# Exercise
Return, without pictures, the lines from the start of the data through the one that contains "汪小菲|汪小菲和儿女聚会画面曝光,小玥儿身高到爸爸肩膀,儿子依然不受重视".

··· Input material ···

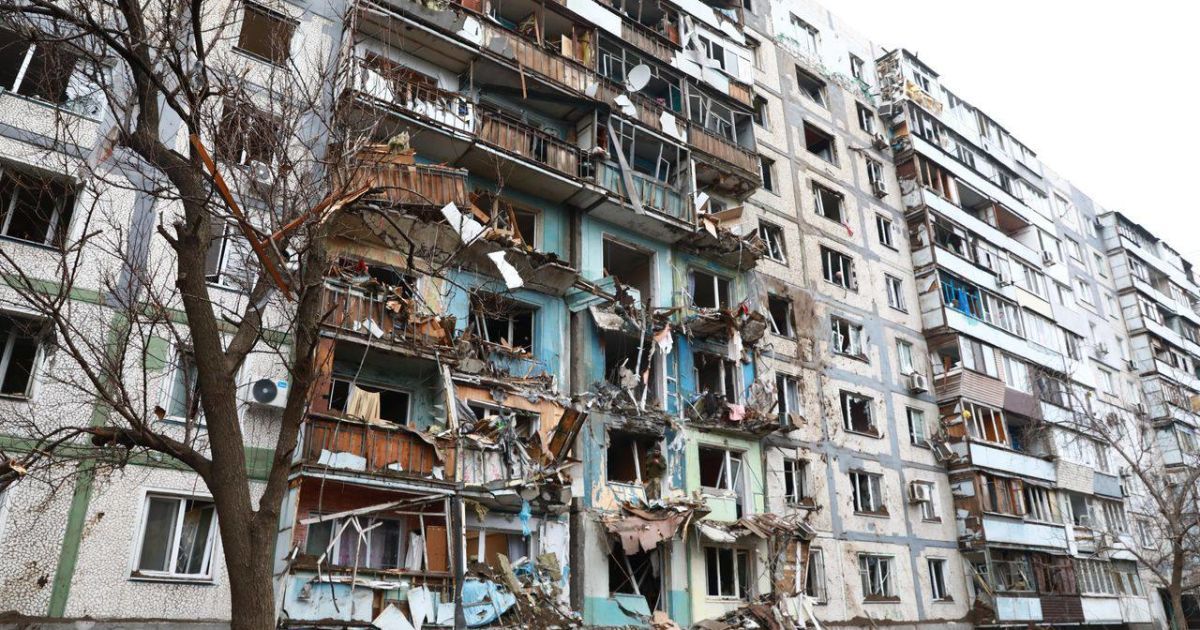 Наслідки ракетного удару по Запоріжжі 22 березня.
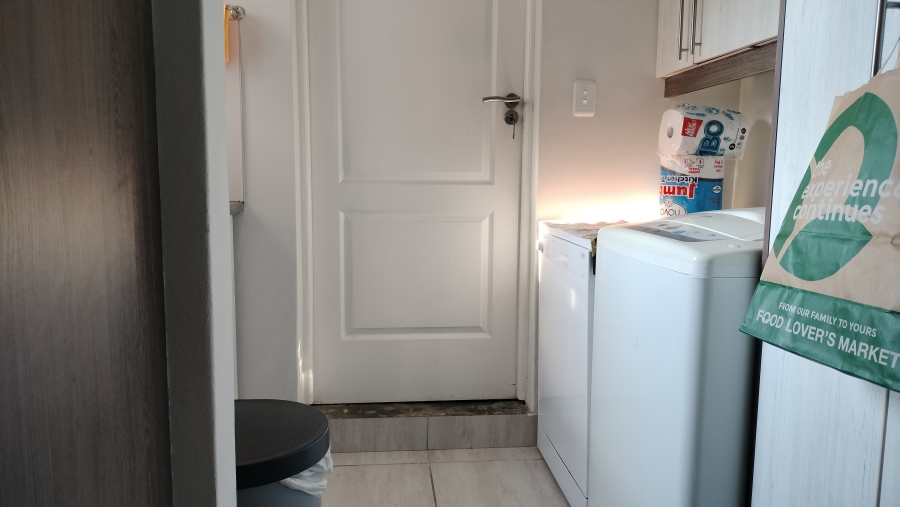 3 Bedroom Property for Sale in Fraaiuitsig Western Cape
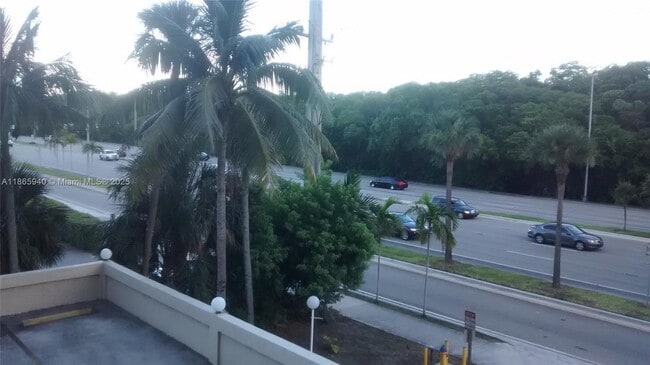 Building Photo - 2903 N Miami Beach Blvd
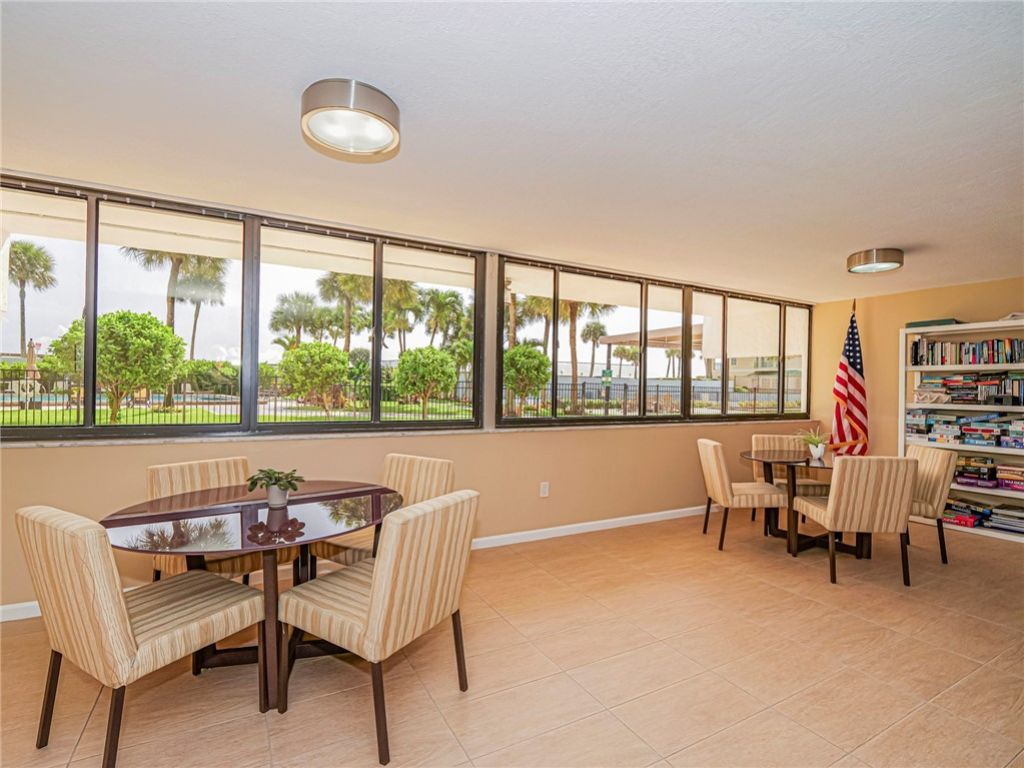 4141 Ocean Drive, Unit 403, Vero Beach, FL 32963 Photo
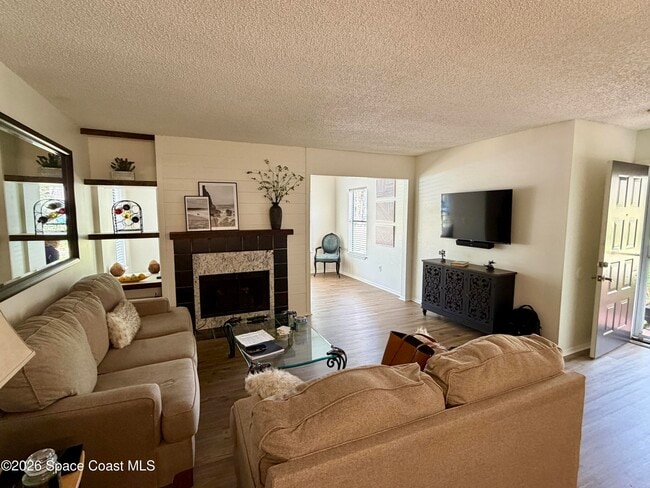 Building Photo - 225 S Tropical Trail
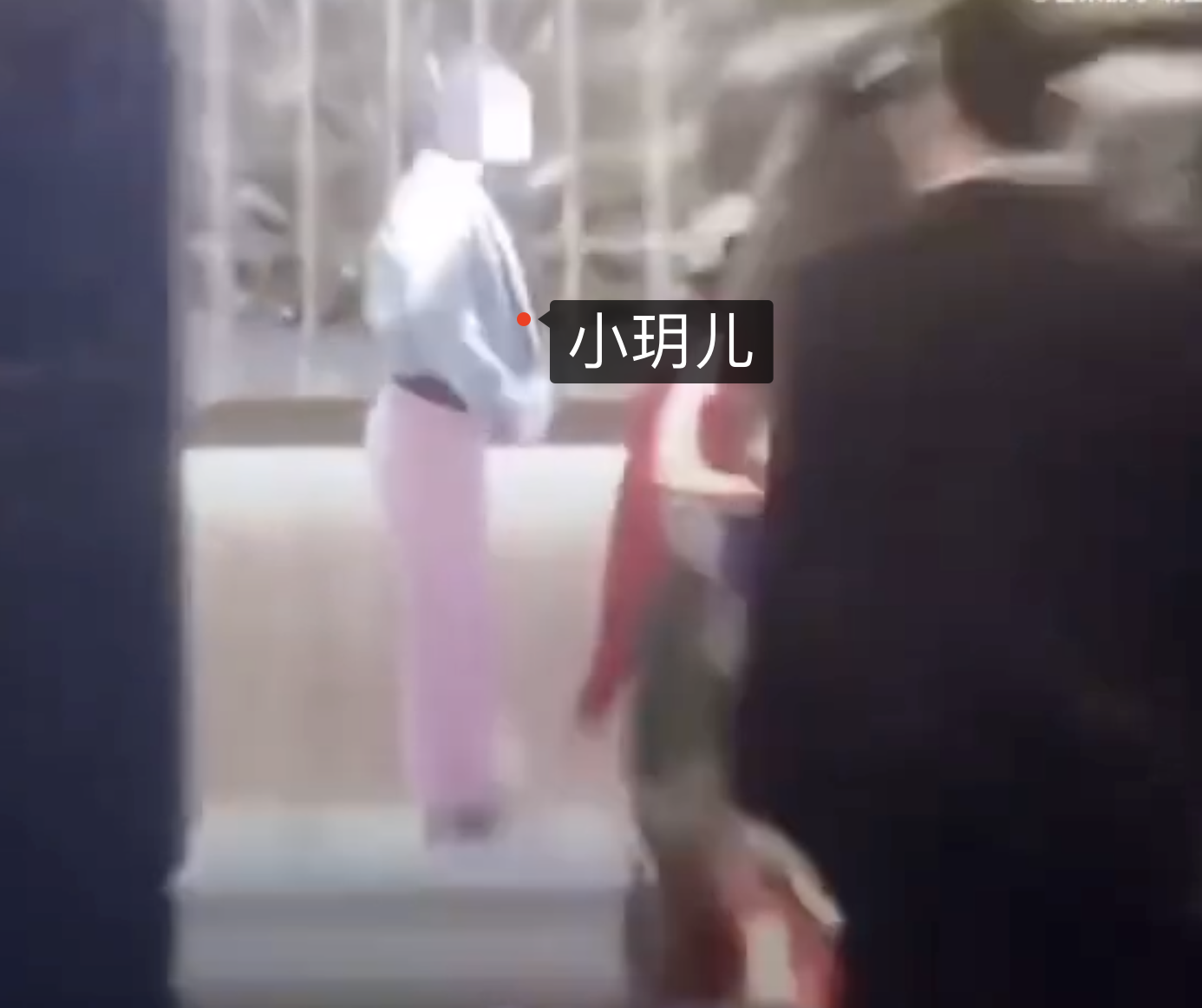 汪小菲|汪小菲和儿女聚会画面曝光,小玥儿身高到爸爸肩膀,儿子依然不受重视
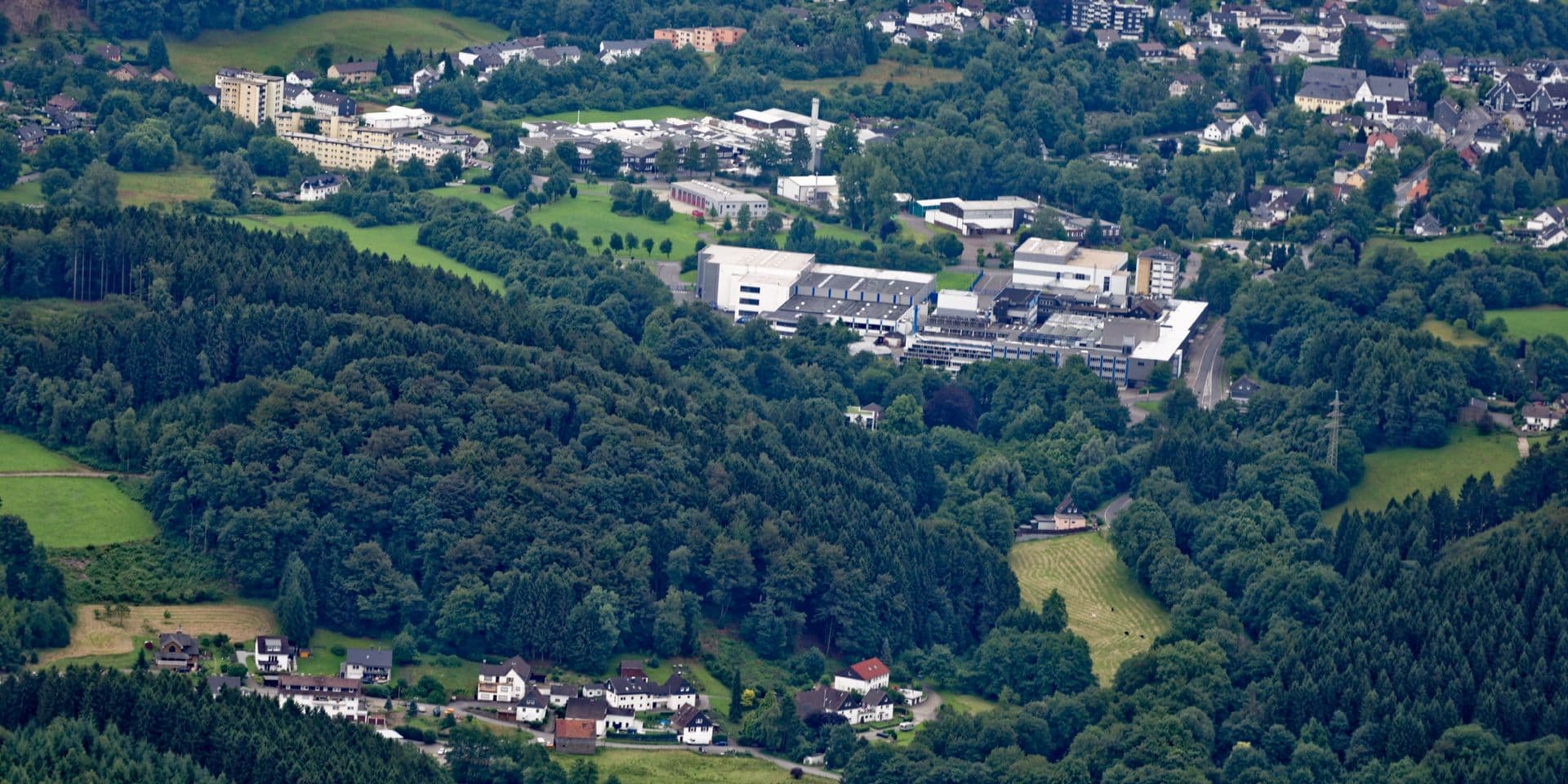 Blick über den Ortsteil Eiringhausen von Westen in der Gemeinde Marienheide im Oberbergischen Kreis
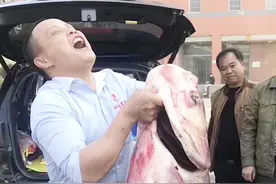高校发冬日福利！打捞3000多斤鱼为师生改善伙食 百斤巨鱼引围观视频封面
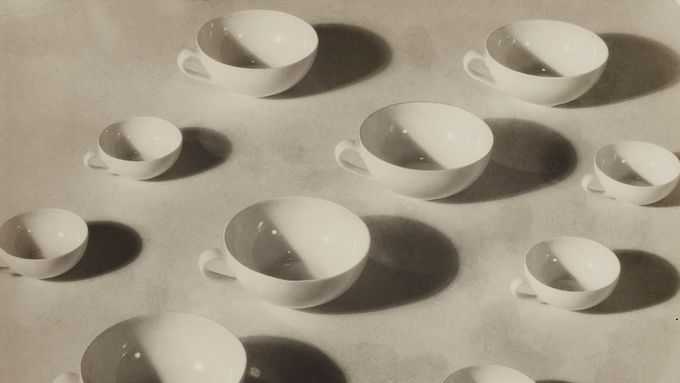 Do aukce půjde fotografie Josefa Sudka z roku 1928, na které jsou šálky ze porcelánového souboru navrženého Ladislavem Sutnarem.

···

# Response area
 Наслідки ракетного удару по Запоріжжі 22 березня.
 3 Bedroom Property for Sale in Fraaiuitsig Western Cape
 Building Photo - 2903 N Miami Beach Blvd
 4141 Ocean Drive, Unit 403, Vero Beach, FL 32963 Photo
 Building Photo - 225 S Tropical Trail
 汪小菲|汪小菲和儿女聚会画面曝光,小玥儿身高到爸爸肩膀,儿子依然不受重视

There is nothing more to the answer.